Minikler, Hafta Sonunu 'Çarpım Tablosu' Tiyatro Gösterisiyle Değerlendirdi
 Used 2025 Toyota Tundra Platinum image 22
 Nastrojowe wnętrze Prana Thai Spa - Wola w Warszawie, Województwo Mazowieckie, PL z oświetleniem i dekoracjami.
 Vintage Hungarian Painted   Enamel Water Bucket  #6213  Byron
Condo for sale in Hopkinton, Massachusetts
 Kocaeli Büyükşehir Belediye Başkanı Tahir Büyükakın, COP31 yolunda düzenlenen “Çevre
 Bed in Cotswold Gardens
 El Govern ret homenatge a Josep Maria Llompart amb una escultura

• [REQUIREMENT]:
Give the lines again, exactly as they stand, from the beginning of the data through the line with "Vintage Hungarian Painted".

• [YOUR SOLUTION]:
Minikler, Hafta Sonunu 'Çarpım Tablosu' Tiyatro Gösterisiyle Değerlendirdi
 Used 2025 Toyota Tundra Platinum image 22
 Nastrojowe wnętrze Prana Thai Spa - Wola w Warszawie, Województwo Mazowieckie, PL z oświetleniem i dekoracjami.
 Vintage Hungarian Painted   Enamel Water Bucket  #6213  Byron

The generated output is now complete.